Data extract:
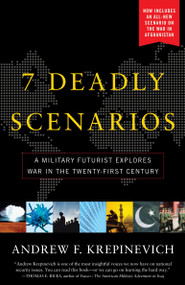 7 Deadly Scenarios (A Military Futurist Explores the Changing Face of War in the 21st Century) by Andrew Krepinevich, 9780553384727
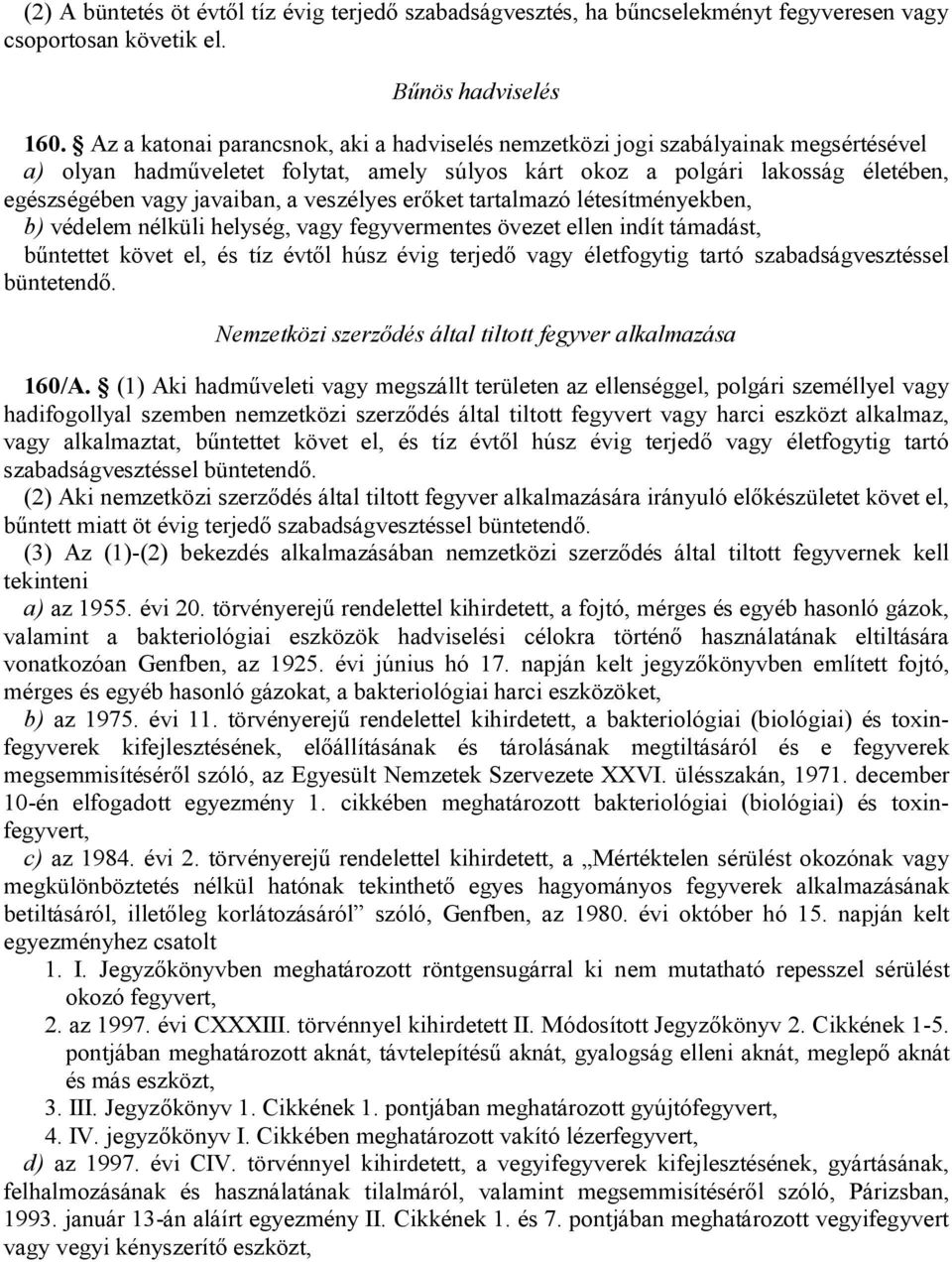 veszélyes erőket tartalmazó létesítményekben, b) védelem nélküli helység, vagy fegyvermentes övezet ellen indít támadást, bűntettet követ el, és tíz évtől húsz évig terjedő vagy életfogytig tartó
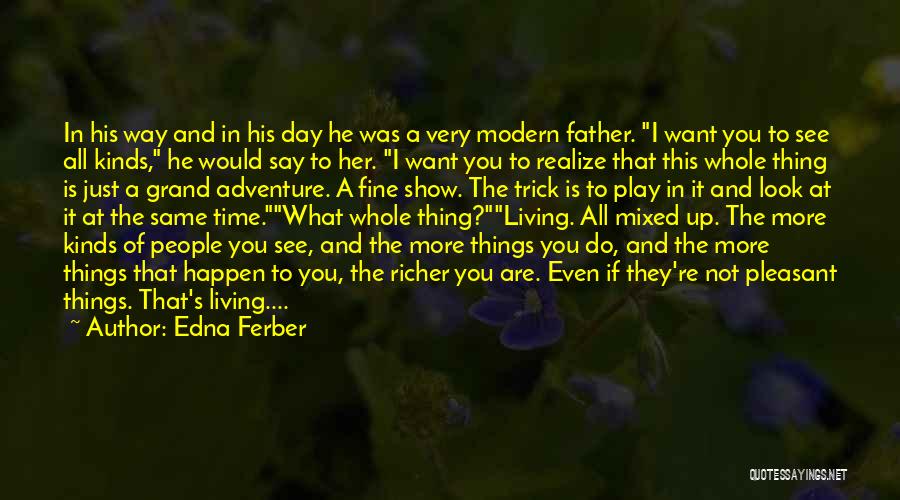 Edna Ferber Quotes: In His Way And In His Day He Was A Very Modern Father. I Want You To See All Kinds,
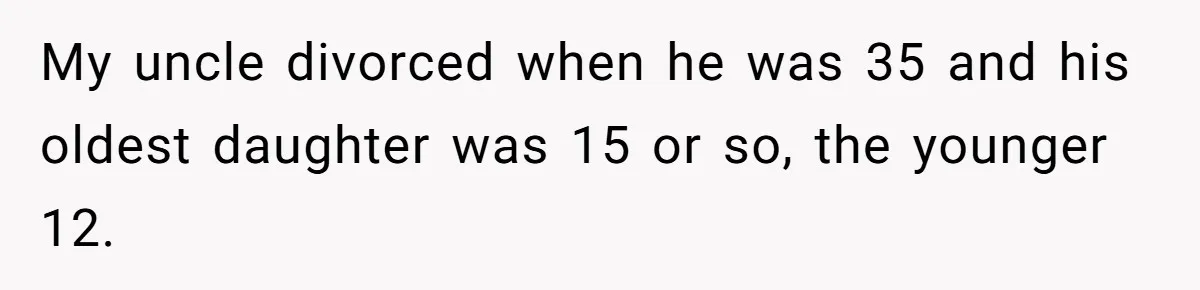 My uncle divorced when he was 35 and his oldest daughter was 15 or so, the younger 12.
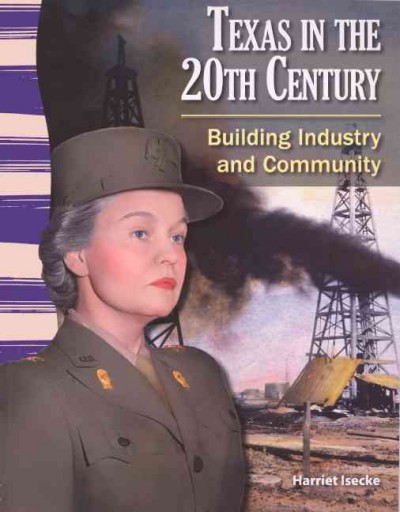 Texas in the 20th Century: Building Industry and Community Bound for Schools & Libraries ed.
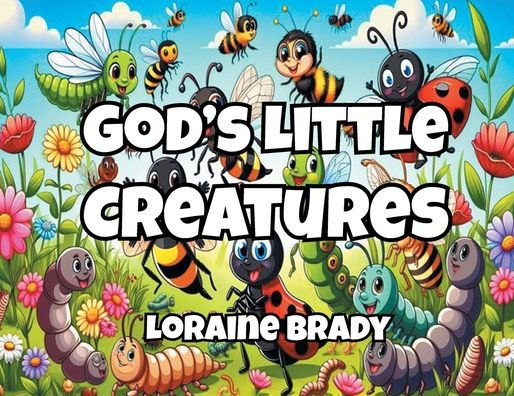 God's Little Creatures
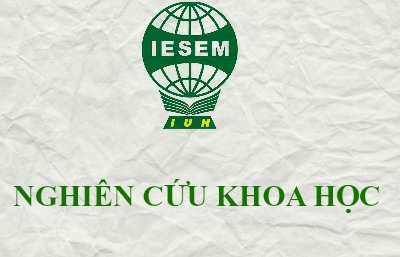 Kinh nghiệm và thành tựu trong Nghiên cứu khoa học và chuyển giao công nghệ của IESEM trong 5 năm gần đây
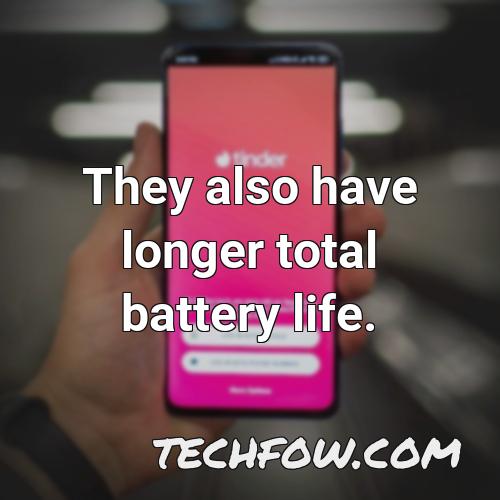 they also have longer total battery life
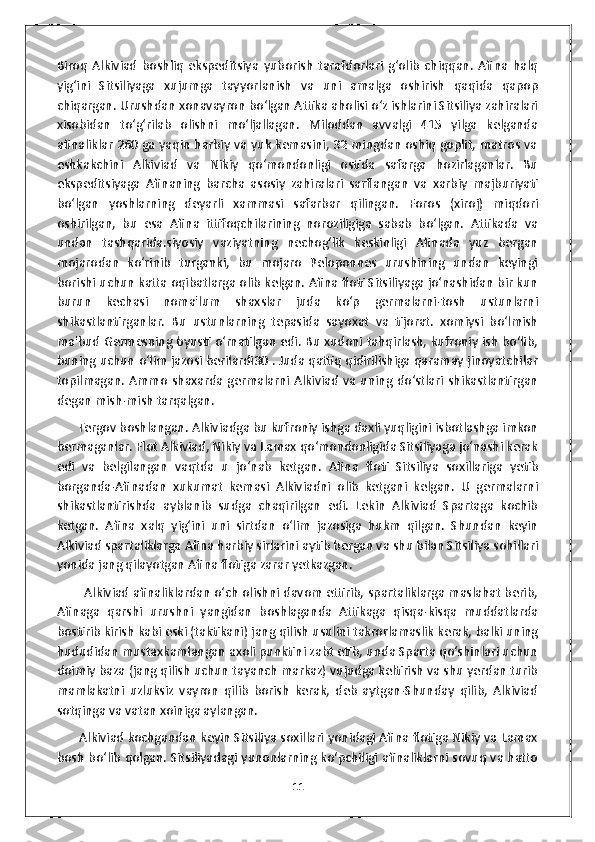 Biroq   Alkiviad   boshliq   ekspeditsiya   yuborish   tarafdorlari   g‘olib   chiqqan.   Afina   halq
yig‘ini   Sitsiliyaga   xujumga   tayyorlanish   va   uni   amalga   oshirish   qaqida   qapop
chiqargan. Urushdan xonavayron bo‘lgan Attika aholisi o‘z ishlarini Sitsiliya zahiralari
xisobidan   to‘g‘rilab   olishni   mo‘ljallagan.   Miloddan   avvalgi   415   yilga   kelganda
afinaliklar 260 ga yaqin harbiy va yuk kemasini, 32 mingdan oshiq goplit, matros va
eshkakchini   Alkiviad   va   Nikiy   qo‘mondonligi   ostida   safarga   hozirlaganlar.   Bu
ekspeditsiyaga   Afinaning   barcha   asosiy   zahiralari   sarflangan   va   xarbiy   majburiyati
bo‘lgan   yoshlarning   deyarli   xammasi   safarbar   qilingan.   Foros   (xiroj)   miqdori
oshirilgan,   bu   esa   Afina   ittifoqchilarining   noroziligiga   sabab   bo‘lgan.   Attikada   va
undan   tashqarida.siyosiy   vaziyatning   nechog‘lik   keskinligi   Afinada   yuz   bergan
mojarodan   ko‘rinib   turganki,   bu   mojaro   Peloponnes   urushining   undan   keyingi
borishi uchun katta oqibatlarga olib kelgan. Afina floti Sitsiliyaga jo‘nashidan bir kun
burun   kechasi   noma'lum   shaxslar   juda   ko‘p   germalarni-tosh   ustunlarni
shikastlantirganlar.   Bu   ustunlarning   tepasida   sayoxat   va   tijorat.   xomiysi   bo‘lmish
ma'bud Germesning byusti o‘rnatilgan edi. Bu xudoni tahqirlash, kufroniy ish bo‘lib,
buning uchun o‘lim jazosi berilardi30 . Juda qattiq qidirilishiga qaramay jinoyatchilar
topilmagan.  Ammo   shaxarda  germalarni  Alkiviad   va  uning  do‘stlari  shikastlantirgan
degan mish-mish tarqalgan. 
       Tergov boshlangan. Alkiviadga bu kufroniy ishga daxli yuqligini isbotlashga imkon
bermaganlar. Flot Alkiviad, Nikiy va Lamax qo‘mondonligida Sitsiliyaga jo‘nashi kerak
edi   va   belgilangan   vaqtda   u   jo‘nab   ketgan.   Afina   floti   Sitsiliya   soxillariga   yetib
borganda-Afinadan   xukumat   kemasi   Alkiviadni   olib   ketgani   kelgan.   U   germalarni
shikastlantirishda   ayblanib   sudga   chaqirilgan   edi.   Lekin   Alkiviad   Spartaga   kochib
ketgan.   Afina   xalq   yig‘ini   uni   sirtdan   o‘lim   jazosiga   hukm   qilgan.   Shundan   keyin
Alkiviad spartaliklarga Afina harbiy sirlarini aytib bergan va shu bilan Sitsiliya sohillari
yonida jang qilayotgan Afina flotiga zarar yetkazgan. 
             Alkiviad afinaliklardan o‘ch olishni davom ettirib, spartaliklarga maslahat berib,
Afinaga   qarshi   urushni   yangidan   boshlaganda   Attikaga   qisqa-kisqa   muddatlarda
bostirib kirish kabi eski (taktikani) jang qilish usulini takrorlamaslik kerak, balki uning
hududidan mustaxkamlangan axoli punktini zabt etib, unda Sparta qo‘shinlari uchun
doimiy baza (jang qilish uchun tayanch markaz) vujudga keltirish va shu yerdan turib
mamlakatni   uzluksiz   vayron   qilib   borish   kerak,   deb   aytgan-Shunday   qilib,   Alkiviad
sotqinga va vatan xoiniga aylangan. 
       Alkiviad kochgandan keyin Sitsiliya soxillari yonidagi Afina flotiga Nikiy va Lamax
bosh bo‘lib qolgan. Sitsiliyadagi yunonlarning ko‘pchiligi afinaliklarni sovuq va hatto
11 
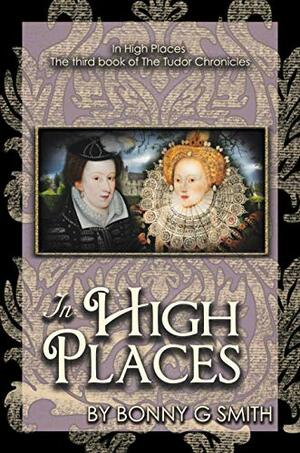 In High Places by Bonny G. Smith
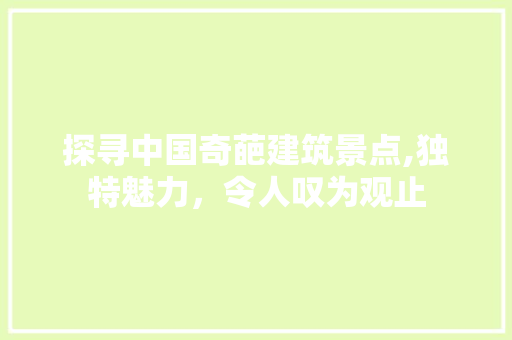 探寻中国奇葩建筑景点,独特魅力，令人叹为观止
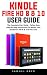 Kindle Fire HD 8 & 10 User Guide by Samuel  Boyd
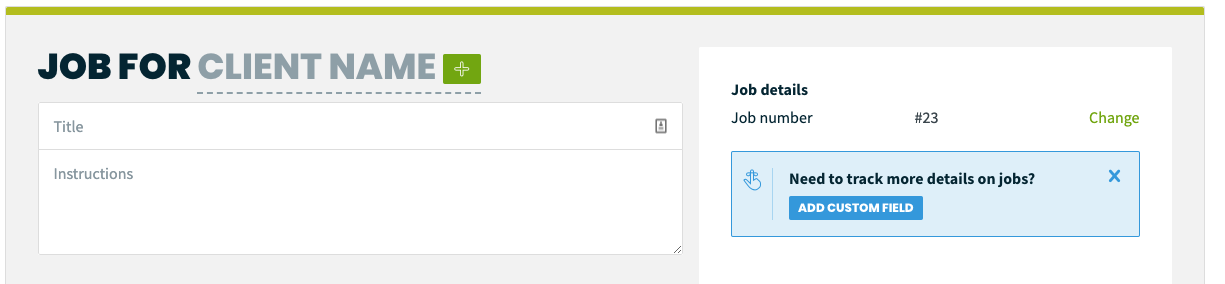 top section of a job where you can enter the client name, job title, and instructions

Assignment: Without the pictures, give the entries above back exactly.

Final answer:
 7 Deadly Scenarios (A Military Futurist Explores the Changing Face of War in the 21st Century) by Andrew Krepinevich, 9780553384727
 veszélyes erőket tartalmazó létesítményekben, b) védelem nélküli helység, vagy fegyvermentes övezet ellen indít támadást, bűntettet követ el, és tíz évtől húsz évig terjedő vagy életfogytig tartó
 Edna Ferber Quotes: In His Way And In His Day He Was A Very Modern Father. I Want You To See All Kinds,
 My uncle divorced when he was 35 and his oldest daughter was 15 or so, the younger 12.
 Texas in the 20th Century: Building Industry and Community Bound for Schools & Libraries ed.
 God's Little Creatures
 Kinh nghiệm và thành tựu trong Nghiên cứu khoa học và chuyển giao công nghệ của IESEM trong 5 năm gần đây
 they also have longer total battery life
 Biroq   Alkiviad   boshliq   ekspeditsiya   yuborish   tarafdorlari   g‘olib   chiqqan.   Afina   halq
yig‘ini   Sitsiliyaga   xujumga   tayyorlanish   va   uni   amalga   oshirish   qaqida   qapop
chiqargan. Urushdan xonavayron bo‘lgan Attika aholisi o‘z ishlarini Sitsiliya zahiralari
xisobidan   to‘g‘rilab   olishni   mo‘ljallagan.   Miloddan   avvalgi   415   yilga   kelganda
afinaliklar 260 ga yaqin harbiy va yuk kemasini, 32 mingdan oshiq goplit, matros va
eshkakchini   Alkiviad   va   Nikiy   qo‘mondonligi   ostida   safarga   hozirlaganlar.   Bu
ekspeditsiyaga   Afinaning   barcha   asosiy   zahiralari   sarflangan   va   xarbiy   majburiyati
bo‘lgan   yoshlarning   deyarli   xammasi   safarbar   qilingan.   Foros   (xiroj)   miqdori
oshirilgan,   bu   esa   Afina   ittifoqchilarining   noroziligiga   sabab   bo‘lgan.   Attikada   va
undan   tashqarida.siyosiy   vaziyatning   nechog‘lik   keskinligi   Afinada   yuz   bergan
mojarodan   ko‘rinib   turganki,   bu   mojaro   Peloponnes   urushining   undan   keyingi
borishi uchun katta oqibatlarga olib kelgan. Afina floti Sitsiliyaga jo‘nashidan bir kun
burun   kechasi   noma'lum   shaxslar   juda   ko‘p   germalarni-tosh   ustunlarni
shikastlantirganlar.   Bu   ustunlarning   tepasida   sayoxat   va   tijorat.   xomiysi   bo‘lmish
ma'bud Germesning byusti o‘rnatilgan edi. Bu xudoni tahqirlash, kufroniy ish bo‘lib,
buning uchun o‘lim jazosi berilardi30 . Juda qattiq qidirilishiga qaramay jinoyatchilar
topilmagan.  Ammo   shaxarda  germalarni  Alkiviad   va  uning  do‘stlari  shikastlantirgan
degan mish-mish tarqalgan. 
       Tergov boshlangan. Alkiviadga bu kufroniy ishga daxli yuqligini isbotlashga imkon
bermaganlar. Flot Alkiviad, Nikiy va Lamax qo‘mondonligida Sitsiliyaga jo‘nashi kerak
edi   va   belgilangan   vaqtda   u   jo‘nab   ketgan.   Afina   floti   Sitsiliya   soxillariga   yetib
borganda-Afinadan   xukumat   kemasi   Alkiviadni   olib   ketgani   kelgan.   U   germalarni
shikastlantirishda   ayblanib   sudga   chaqirilgan   edi.   Lekin   Alkiviad   Spartaga   kochib
ketgan.   Afina   xalq   yig‘ini   uni   sirtdan   o‘lim   jazosiga   hukm   qilgan.   Shundan   keyin
Alkiviad spartaliklarga Afina harbiy sirlarini aytib bergan va shu bilan Sitsiliya sohillari
yonida jang qilayotgan Afina flotiga zarar yetkazgan. 
             Alkiviad afinaliklardan o‘ch olishni davom ettirib, spartaliklarga maslahat berib,
Afinaga   qarshi   urushni   yangidan   boshlaganda   Attikaga   qisqa-kisqa   muddatlarda
bostirib kirish kabi eski (taktikani) jang qilish usulini takrorlamaslik kerak, balki uning
hududidan mustaxkamlangan axoli punktini zabt etib, unda Sparta qo‘shinlari uchun
doimiy baza (jang qilish uchun tayanch markaz) vujudga keltirish va shu yerdan turib
mamlakatni   uzluksiz   vayron   qilib   borish   kerak,   deb   aytgan-Shunday   qilib,   Alkiviad
sotqinga va vatan xoiniga aylangan. 
       Alkiviad kochgandan keyin Sitsiliya soxillari yonidagi Afina flotiga Nikiy va Lamax
bosh bo‘lib qolgan. Sitsiliyadagi yunonlarning ko‘pchiligi afinaliklarni sovuq va hatto
11 
 In High Places by Bonny G. Smith
 探寻中国奇葩建筑景点,独特魅力，令人叹为观止
 Kindle Fire HD 8 & 10 User Guide by Samuel  Boyd
 top section of a job where you can enter the client name, job title, and instructions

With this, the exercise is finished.